> [AIM OF THE TASK]
What do the entries below say? Restate them word for word.

> [DATA EXCERPTS]
· · · · ·
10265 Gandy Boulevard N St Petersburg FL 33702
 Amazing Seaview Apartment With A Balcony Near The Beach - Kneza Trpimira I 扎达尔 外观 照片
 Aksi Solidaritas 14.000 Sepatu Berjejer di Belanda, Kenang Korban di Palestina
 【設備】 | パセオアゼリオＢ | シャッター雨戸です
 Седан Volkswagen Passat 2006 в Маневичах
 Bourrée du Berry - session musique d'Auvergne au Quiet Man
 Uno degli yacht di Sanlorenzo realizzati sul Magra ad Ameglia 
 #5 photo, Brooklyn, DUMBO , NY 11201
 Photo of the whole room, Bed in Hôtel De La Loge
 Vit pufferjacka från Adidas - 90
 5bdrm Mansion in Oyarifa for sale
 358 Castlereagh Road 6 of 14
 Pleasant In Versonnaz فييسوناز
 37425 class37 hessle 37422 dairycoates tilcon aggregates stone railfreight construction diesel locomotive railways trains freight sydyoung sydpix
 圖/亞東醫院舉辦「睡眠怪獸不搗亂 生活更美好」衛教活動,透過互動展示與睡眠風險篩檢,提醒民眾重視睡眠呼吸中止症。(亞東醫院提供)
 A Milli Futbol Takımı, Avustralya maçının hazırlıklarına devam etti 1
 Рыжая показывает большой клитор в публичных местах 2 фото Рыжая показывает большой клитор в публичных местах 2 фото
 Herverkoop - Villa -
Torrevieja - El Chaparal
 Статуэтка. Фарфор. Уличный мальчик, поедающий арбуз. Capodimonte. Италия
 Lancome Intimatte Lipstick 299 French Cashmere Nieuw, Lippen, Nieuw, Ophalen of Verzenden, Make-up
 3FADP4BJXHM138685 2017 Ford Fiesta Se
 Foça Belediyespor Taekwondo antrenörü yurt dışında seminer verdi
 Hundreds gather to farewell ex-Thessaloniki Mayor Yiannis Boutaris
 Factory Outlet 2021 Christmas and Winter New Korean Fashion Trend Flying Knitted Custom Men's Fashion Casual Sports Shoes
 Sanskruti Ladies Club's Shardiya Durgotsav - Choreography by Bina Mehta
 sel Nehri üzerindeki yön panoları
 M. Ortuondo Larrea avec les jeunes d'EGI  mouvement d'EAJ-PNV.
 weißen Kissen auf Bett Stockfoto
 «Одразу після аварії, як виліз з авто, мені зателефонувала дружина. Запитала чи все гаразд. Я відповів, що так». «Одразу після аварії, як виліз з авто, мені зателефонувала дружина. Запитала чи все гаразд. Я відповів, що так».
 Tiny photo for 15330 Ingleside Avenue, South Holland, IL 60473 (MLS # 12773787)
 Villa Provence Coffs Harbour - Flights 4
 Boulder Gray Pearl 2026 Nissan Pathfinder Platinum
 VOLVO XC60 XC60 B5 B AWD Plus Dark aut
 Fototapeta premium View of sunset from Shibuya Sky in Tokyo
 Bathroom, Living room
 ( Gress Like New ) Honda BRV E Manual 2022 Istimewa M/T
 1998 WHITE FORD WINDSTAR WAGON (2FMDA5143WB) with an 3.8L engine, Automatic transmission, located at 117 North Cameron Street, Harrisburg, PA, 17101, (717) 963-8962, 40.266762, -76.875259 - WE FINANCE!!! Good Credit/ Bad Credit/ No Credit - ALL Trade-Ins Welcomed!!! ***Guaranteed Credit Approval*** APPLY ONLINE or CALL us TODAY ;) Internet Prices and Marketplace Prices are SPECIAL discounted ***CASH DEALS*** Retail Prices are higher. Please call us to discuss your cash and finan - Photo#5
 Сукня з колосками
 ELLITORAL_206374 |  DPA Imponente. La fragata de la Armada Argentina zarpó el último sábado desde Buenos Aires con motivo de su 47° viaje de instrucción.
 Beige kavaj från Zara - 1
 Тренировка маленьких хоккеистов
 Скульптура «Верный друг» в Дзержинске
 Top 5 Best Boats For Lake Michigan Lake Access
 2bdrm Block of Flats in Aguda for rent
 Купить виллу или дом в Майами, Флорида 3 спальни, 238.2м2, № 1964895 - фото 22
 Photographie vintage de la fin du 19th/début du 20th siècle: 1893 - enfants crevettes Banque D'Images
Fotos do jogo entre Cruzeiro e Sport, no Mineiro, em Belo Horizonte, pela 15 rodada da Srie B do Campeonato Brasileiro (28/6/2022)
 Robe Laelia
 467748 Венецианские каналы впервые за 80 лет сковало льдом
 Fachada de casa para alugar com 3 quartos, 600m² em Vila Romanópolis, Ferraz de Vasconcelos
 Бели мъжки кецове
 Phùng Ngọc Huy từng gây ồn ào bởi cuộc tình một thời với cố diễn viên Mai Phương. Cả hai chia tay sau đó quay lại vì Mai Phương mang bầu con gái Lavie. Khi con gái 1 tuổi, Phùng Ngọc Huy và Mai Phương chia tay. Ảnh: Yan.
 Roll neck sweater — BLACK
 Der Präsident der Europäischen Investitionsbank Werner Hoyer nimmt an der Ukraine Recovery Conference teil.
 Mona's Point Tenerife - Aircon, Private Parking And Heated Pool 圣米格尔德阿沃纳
· · · · ·
> [RESPONSE BELOW]
10265 Gandy Boulevard N St Petersburg FL 33702
 Amazing Seaview Apartment With A Balcony Near The Beach - Kneza Trpimira I 扎达尔 外观 照片
 Aksi Solidaritas 14.000 Sepatu Berjejer di Belanda, Kenang Korban di Palestina
 【設備】 | パセオアゼリオＢ | シャッター雨戸です
 Седан Volkswagen Passat 2006 в Маневичах
 Bourrée du Berry - session musique d'Auvergne au Quiet Man
 Uno degli yacht di Sanlorenzo realizzati sul Magra ad Ameglia 
 #5 photo, Brooklyn, DUMBO , NY 11201
 Photo of the whole room, Bed in Hôtel De La Loge
 Vit pufferjacka från Adidas - 90
 5bdrm Mansion in Oyarifa for sale
 358 Castlereagh Road 6 of 14
 Pleasant In Versonnaz فييسوناز
 37425 class37 hessle 37422 dairycoates tilcon aggregates stone railfreight construction diesel locomotive railways trains freight sydyoung sydpix
 圖/亞東醫院舉辦「睡眠怪獸不搗亂 生活更美好」衛教活動,透過互動展示與睡眠風險篩檢,提醒民眾重視睡眠呼吸中止症。(亞東醫院提供)
 A Milli Futbol Takımı, Avustralya maçının hazırlıklarına devam etti 1
 Рыжая показывает большой клитор в публичных местах 2 фото Рыжая показывает большой клитор в публичных местах 2 фото
 Herverkoop - Villa -
Torrevieja - El Chaparal
 Статуэтка. Фарфор. Уличный мальчик, поедающий арбуз. Capodimonte. Италия
 Lancome Intimatte Lipstick 299 French Cashmere Nieuw, Lippen, Nieuw, Ophalen of Verzenden, Make-up
 3FADP4BJXHM138685 2017 Ford Fiesta Se
 Foça Belediyespor Taekwondo antrenörü yurt dışında seminer verdi
 Hundreds gather to farewell ex-Thessaloniki Mayor Yiannis Boutaris
 Factory Outlet 2021 Christmas and Winter New Korean Fashion Trend Flying Knitted Custom Men's Fashion Casual Sports Shoes
 Sanskruti Ladies Club's Shardiya Durgotsav - Choreography by Bina Mehta
 sel Nehri üzerindeki yön panoları
 M. Ortuondo Larrea avec les jeunes d'EGI  mouvement d'EAJ-PNV.
 weißen Kissen auf Bett Stockfoto
 «Одразу після аварії, як виліз з авто, мені зателефонувала дружина. Запитала чи все гаразд. Я відповів, що так». «Одразу після аварії, як виліз з авто, мені зателефонувала дружина. Запитала чи все гаразд. Я відповів, що так».
 Tiny photo for 15330 Ingleside Avenue, South Holland, IL 60473 (MLS # 12773787)
 Villa Provence Coffs Harbour - Flights 4
 Boulder Gray Pearl 2026 Nissan Pathfinder Platinum
 VOLVO XC60 XC60 B5 B AWD Plus Dark aut
 Fototapeta premium View of sunset from Shibuya Sky in Tokyo
 Bathroom, Living room
 ( Gress Like New ) Honda BRV E Manual 2022 Istimewa M/T
 1998 WHITE FORD WINDSTAR WAGON (2FMDA5143WB) with an 3.8L engine, Automatic transmission, located at 117 North Cameron Street, Harrisburg, PA, 17101, (717) 963-8962, 40.266762, -76.875259 - WE FINANCE!!! Good Credit/ Bad Credit/ No Credit - ALL Trade-Ins Welcomed!!! ***Guaranteed Credit Approval*** APPLY ONLINE or CALL us TODAY ;) Internet Prices and Marketplace Prices are SPECIAL discounted ***CASH DEALS*** Retail Prices are higher. Please call us to discuss your cash and finan - Photo#5
 Сукня з колосками
 ELLITORAL_206374 |  DPA Imponente. La fragata de la Armada Argentina zarpó el último sábado desde Buenos Aires con motivo de su 47° viaje de instrucción.
 Beige kavaj från Zara - 1
 Тренировка маленьких хоккеистов
 Скульптура «Верный друг» в Дзержинске
 Top 5 Best Boats For Lake Michigan Lake Access
 2bdrm Block of Flats in Aguda for rent
 Купить виллу или дом в Майами, Флорида 3 спальни, 238.2м2, № 1964895 - фото 22
 Photographie vintage de la fin du 19th/début du 20th siècle: 1893 - enfants crevettes Banque D'Images
Fotos do jogo entre Cruzeiro e Sport, no Mineiro, em Belo Horizonte, pela 15 rodada da Srie B do Campeonato Brasileiro (28/6/2022)
 Robe Laelia
 467748 Венецианские каналы впервые за 80 лет сковало льдом
 Fachada de casa para alugar com 3 quartos, 600m² em Vila Romanópolis, Ferraz de Vasconcelos
 Бели мъжки кецове
 Phùng Ngọc Huy từng gây ồn ào bởi cuộc tình một thời với cố diễn viên Mai Phương. Cả hai chia tay sau đó quay lại vì Mai Phương mang bầu con gái Lavie. Khi con gái 1 tuổi, Phùng Ngọc Huy và Mai Phương chia tay. Ảnh: Yan.
 Roll neck sweater — BLACK
 Der Präsident der Europäischen Investitionsbank Werner Hoyer nimmt an der Ukraine Recovery Conference teil.
 Mona's Point Tenerife - Aircon, Private Parking And Heated Pool 圣米格尔德阿沃纳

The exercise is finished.